SymbolicML / DynamicQuantities.jl

Efficient and type-stable physical quantities in Julia
https://symbolicml.org/DynamicQuantities.jl/dev/
Apache License 2.0
132 stars 17 forks source link

Make SparseArrays a weak dependency? #53

Closed devmotion closed 11 months ago

devmotion commented 12 months ago

In Julia >= 1.10, SparseArrays won't be included in the system image anymore. To reduce loading times, therefore SparseArrays was or is about to be demoted from a regular to a weak dependency for many packages in the ecosystem such as FillArrays, Distances and PDMats. However, if a package in the dependency stack loads SparseArrays all these extensions will be compiled and loaded. Could the SparseArrays dependency of DynamicQuantities also be moved to an extension or removed alltogether to avoid that it triggers all these extensions?

MilesCranmer commented 12 months ago

Thanks for raising this @devmotion. I'm not sure if there's a way around this because SparseArrays is actually used internally for the SymbolicDimensions struct: https://github.com/SymbolicML/DynamicQuantities.jl/blob/87e1eb3d0d4c139ed94a563e2fae3cababc5e512/src/symbolic_dimensions.jl#L37-L42

It is used here because there are ~100 physical symbolic dimensions (m and cm are separate dimensions), so rather than store 100 fields, one for each dimension, I store it as a single sparse vector.

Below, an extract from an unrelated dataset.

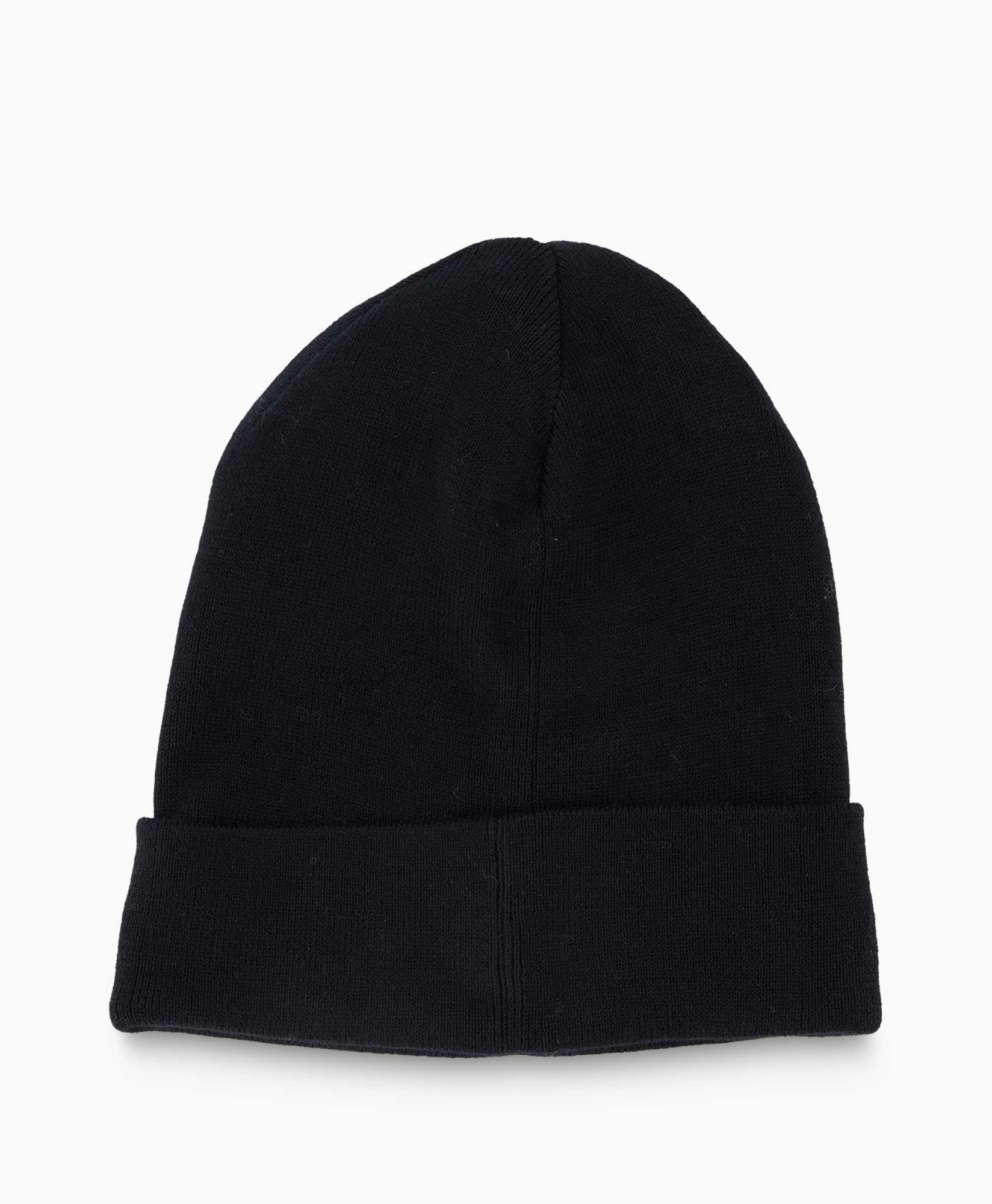 Ralph Lauren Muts Cold Weather Zwart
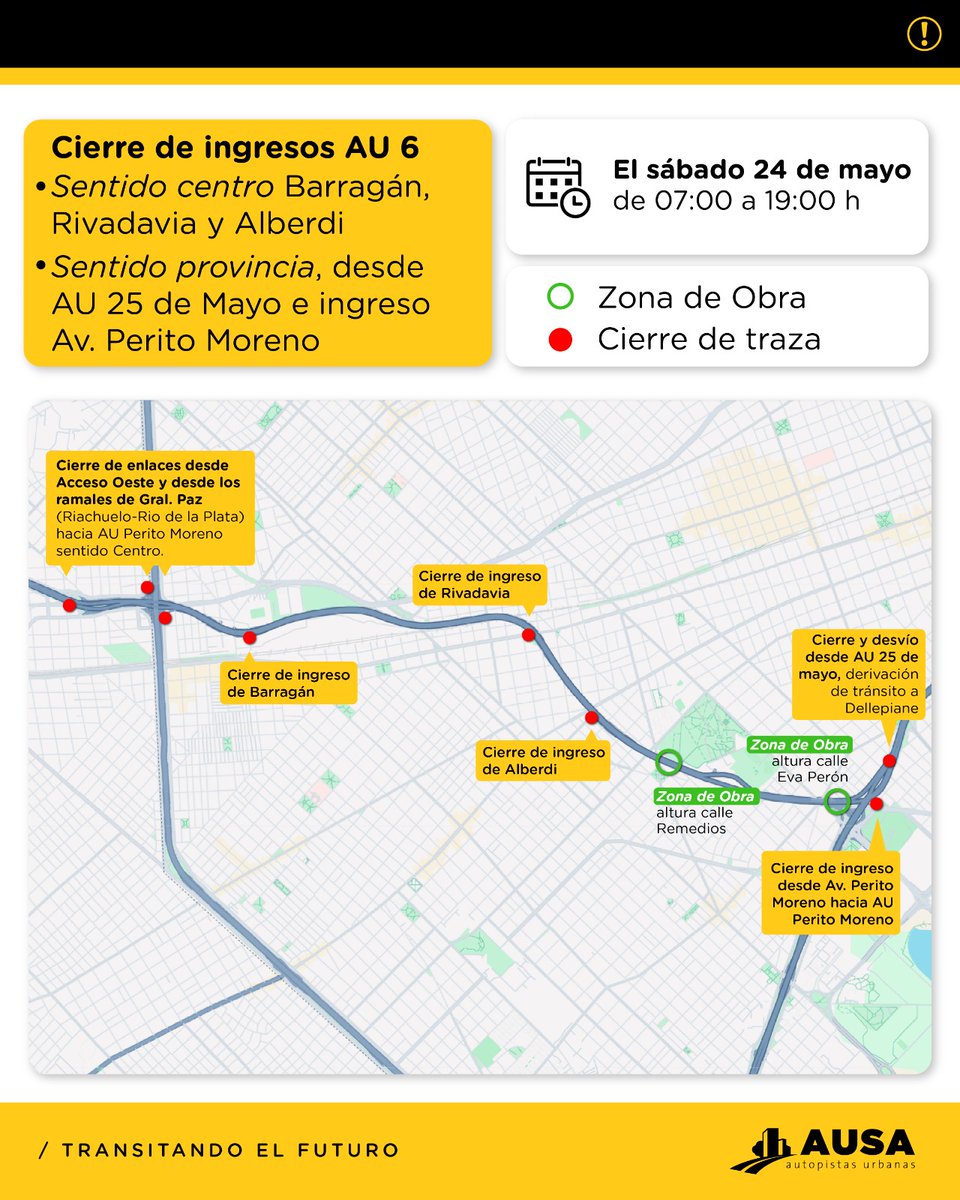 Jota Leonetti | Transito 🚘 tweet media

Perhaps it is possible to write a small internal sparse vector library to get this working without loading all of SparseArray.

What do you think?

devmotion commented 12 months ago

I wonder if it would be possible to replace _data with a dictionary or, more similar to the sparse array, with two vectors ind::Vector{Int} (or even sym::Vector{Symbol}?) and val::Vector{R} of indices of non-zero symbolic dimensions and their values.

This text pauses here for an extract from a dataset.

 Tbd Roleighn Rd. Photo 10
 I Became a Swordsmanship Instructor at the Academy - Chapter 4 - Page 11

MilesCranmer commented 12 months ago

Definitely possible. But it would add to the maintenance/testing burden to need to unit test a custom sparse array package, and possibly introduce new bugs. (Whereas SparseArrays works out-of-the-box)

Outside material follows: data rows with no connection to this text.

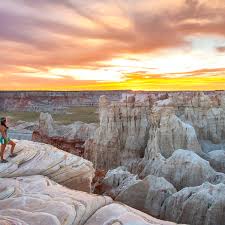 The 5 Best Things To Do In Tuba City (2024) - Must-See Attractions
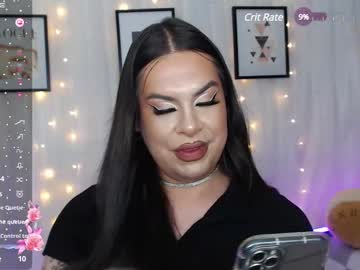 See Nicoobaby online Now @ fap.tw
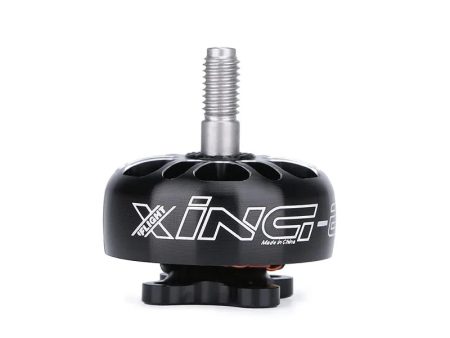 XING-E Pro 2306 2-6S FPV Motor Unibell – 2450KV Hot on Sale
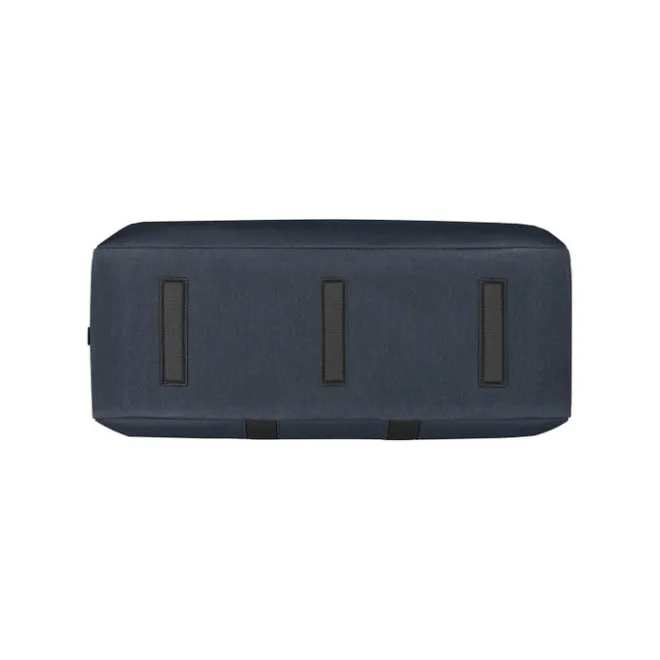Outlet Victorinox Architecture Urban2 Weekender melange blue/black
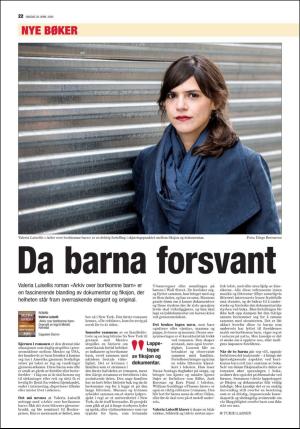 fremtiden-20200429_000_00_00_022.pdf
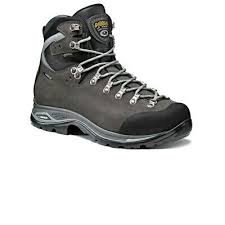 You need waterproof clothing for all the weather's twists and turns. Asolo Boots 9 99 Dealsan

devmotion commented 12 months ago

Maybe my suggestion was not completely clear: I don't think one should implement a new sparse array type but possibly a different data structure (array or two vectors) could provide the same functionality without significant regressions. And since SparseVector is implemented based on two vectors, I think the alternative with two vectors would be a natural candidate (https://github.com/JuliaSparse/SparseArrays.jl/blob/034d23420bba5a8688fba8d857fc7f813f121f31/src/sparsevector.jl#L38-L39).